Please print every record below exactly as written, leaving out the pictures.

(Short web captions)
━━━━━━━━━━━━━━━━━━━━━━━━━━━━━━

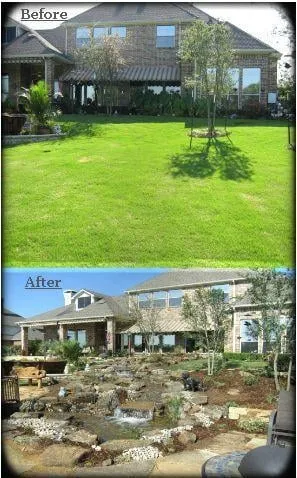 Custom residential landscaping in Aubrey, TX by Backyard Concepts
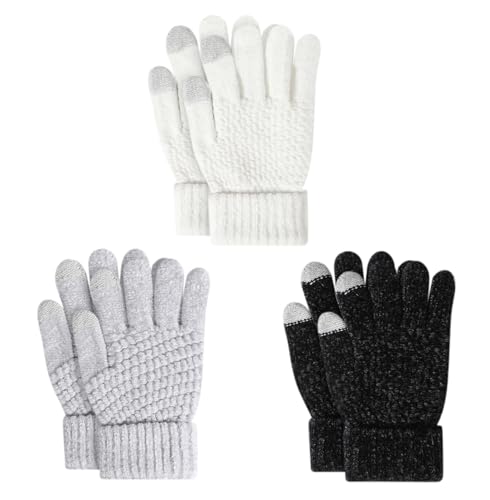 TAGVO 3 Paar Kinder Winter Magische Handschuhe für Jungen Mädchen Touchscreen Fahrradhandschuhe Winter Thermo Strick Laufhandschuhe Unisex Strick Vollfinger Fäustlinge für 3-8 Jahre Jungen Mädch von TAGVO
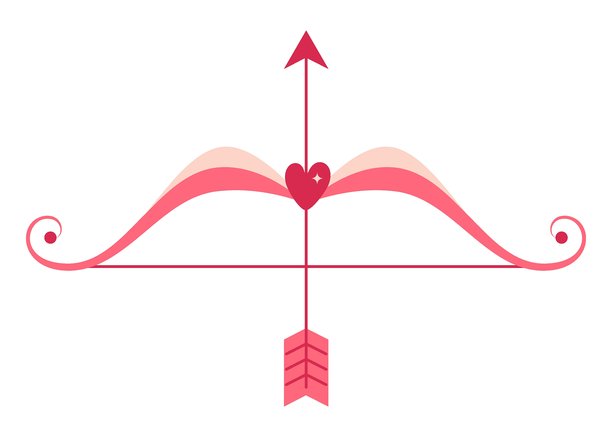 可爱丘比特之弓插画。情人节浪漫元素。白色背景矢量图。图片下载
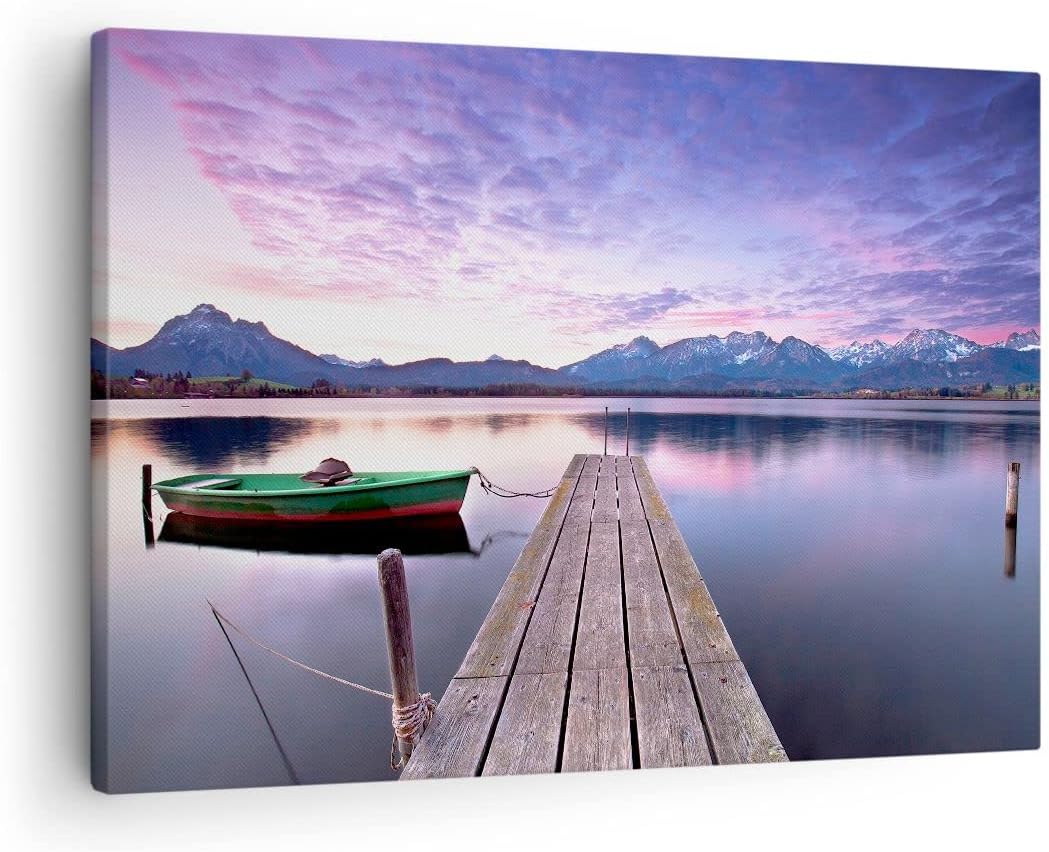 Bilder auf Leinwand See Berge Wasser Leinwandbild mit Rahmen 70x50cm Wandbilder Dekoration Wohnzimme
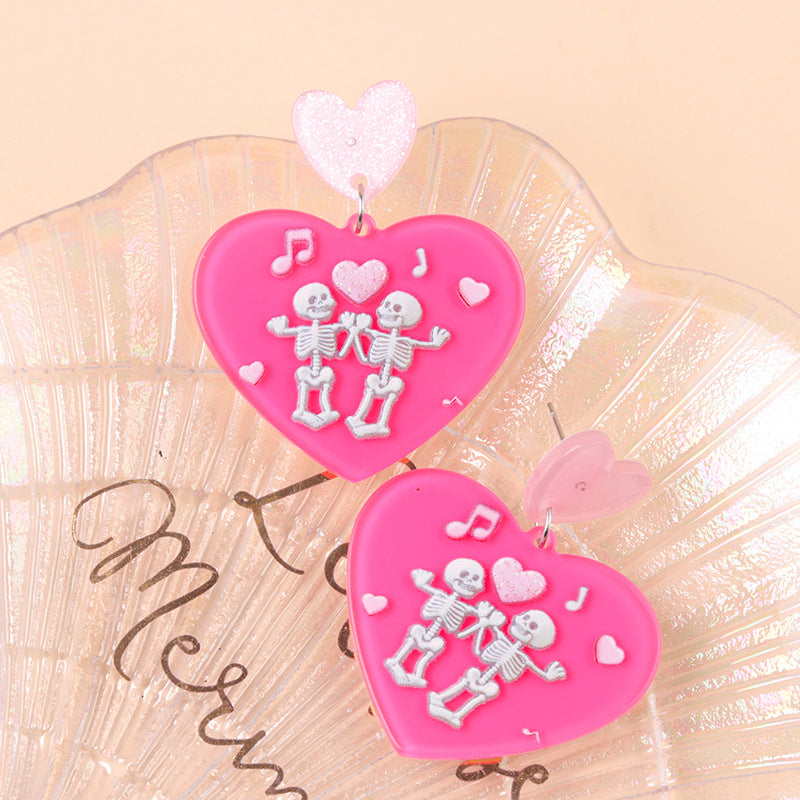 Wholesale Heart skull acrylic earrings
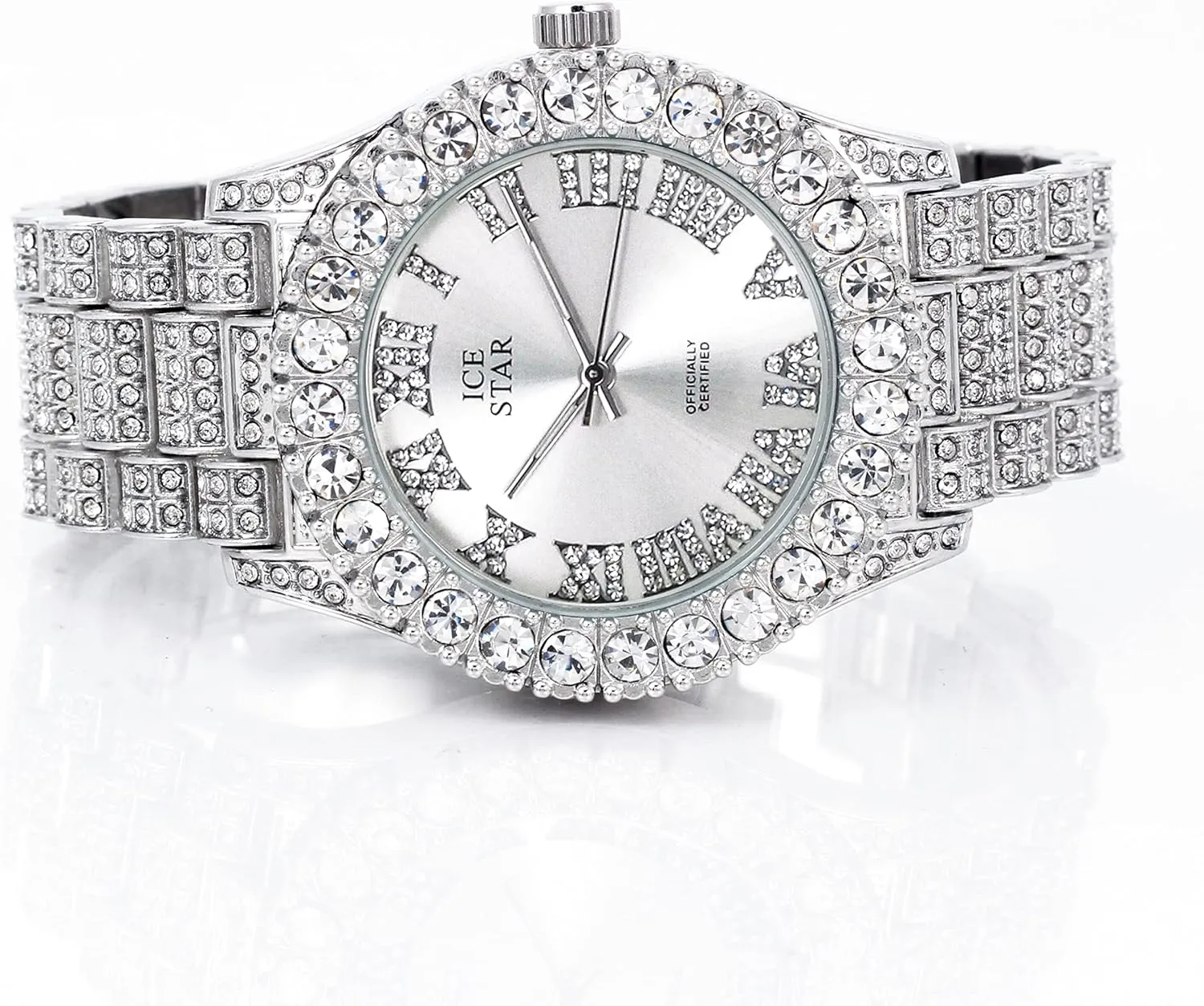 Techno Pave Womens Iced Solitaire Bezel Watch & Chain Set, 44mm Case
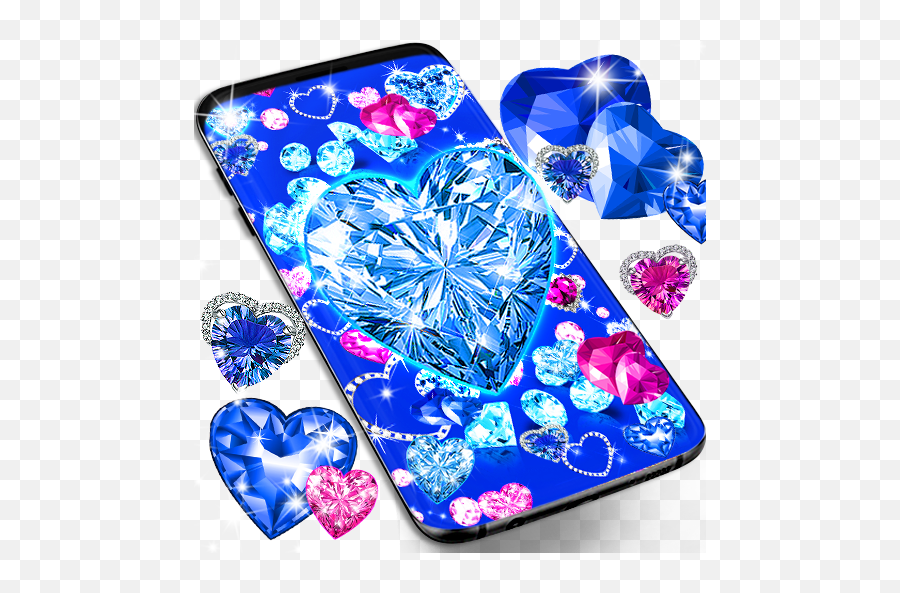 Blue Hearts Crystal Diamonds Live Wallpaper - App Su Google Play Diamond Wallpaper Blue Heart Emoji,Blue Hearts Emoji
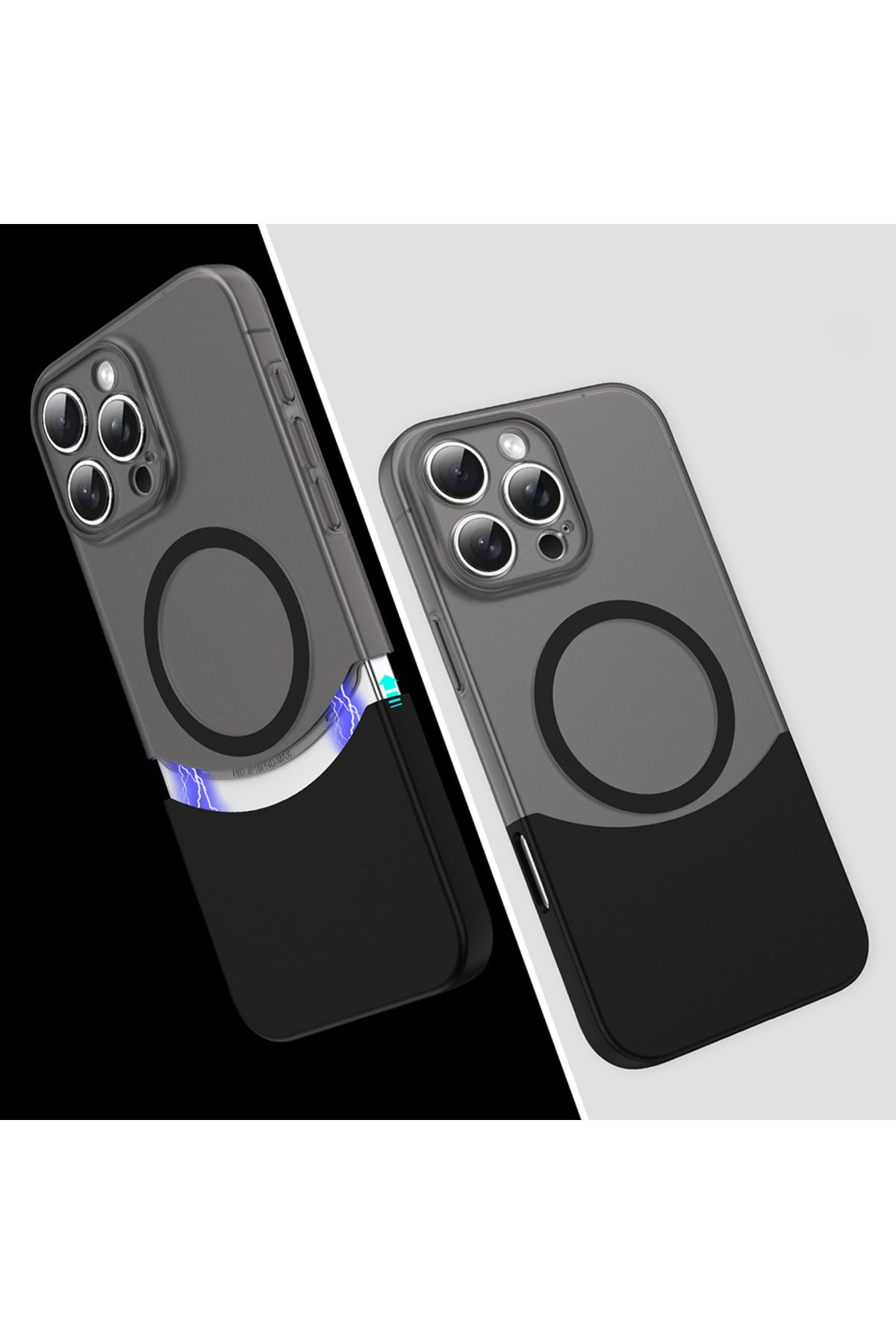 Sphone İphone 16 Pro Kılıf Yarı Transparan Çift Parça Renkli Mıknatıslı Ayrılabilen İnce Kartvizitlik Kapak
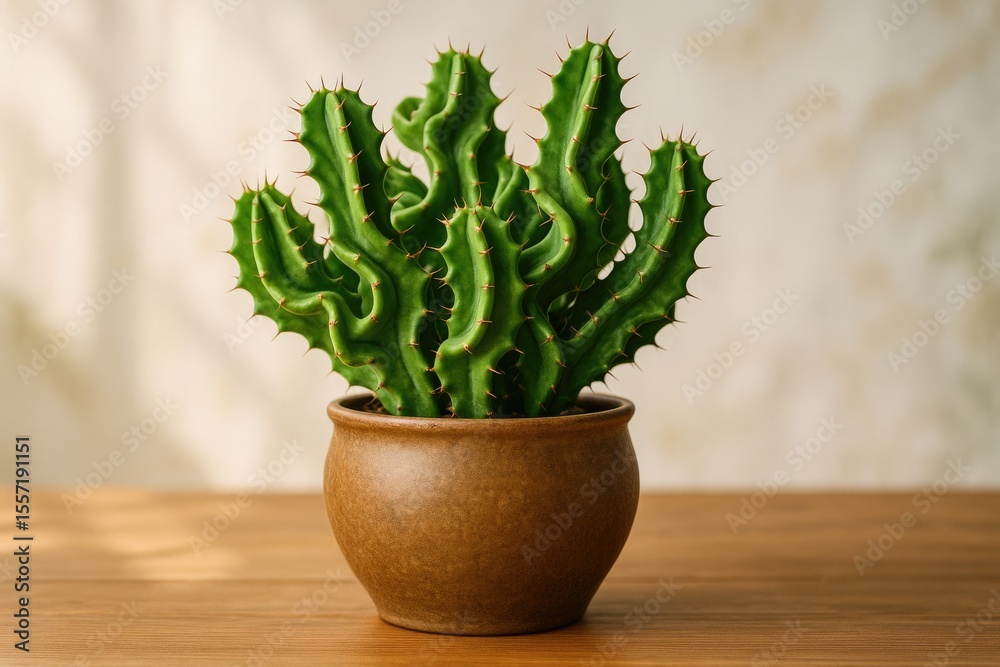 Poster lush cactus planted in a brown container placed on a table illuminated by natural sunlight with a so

━━━━━━━━━━━━━━━━━━━━━━━━━━━━━━

*OUTPUT*.
 Custom residential landscaping in Aubrey, TX by Backyard Concepts
 TAGVO 3 Paar Kinder Winter Magische Handschuhe für Jungen Mädchen Touchscreen Fahrradhandschuhe Winter Thermo Strick Laufhandschuhe Unisex Strick Vollfinger Fäustlinge für 3-8 Jahre Jungen Mädch von TAGVO
 可爱丘比特之弓插画。情人节浪漫元素。白色背景矢量图。图片下载
 Bilder auf Leinwand See Berge Wasser Leinwandbild mit Rahmen 70x50cm Wandbilder Dekoration Wohnzimme
 Wholesale Heart skull acrylic earrings
 Techno Pave Womens Iced Solitaire Bezel Watch & Chain Set, 44mm Case
 Blue Hearts Crystal Diamonds Live Wallpaper - App Su Google Play Diamond Wallpaper Blue Heart Emoji,Blue Hearts Emoji
 Sphone İphone 16 Pro Kılıf Yarı Transparan Çift Parça Renkli Mıknatıslı Ayrılabilen İnce Kartvizitlik Kapak
 Poster lush cactus planted in a brown container placed on a table illuminated by natural sunlight with a so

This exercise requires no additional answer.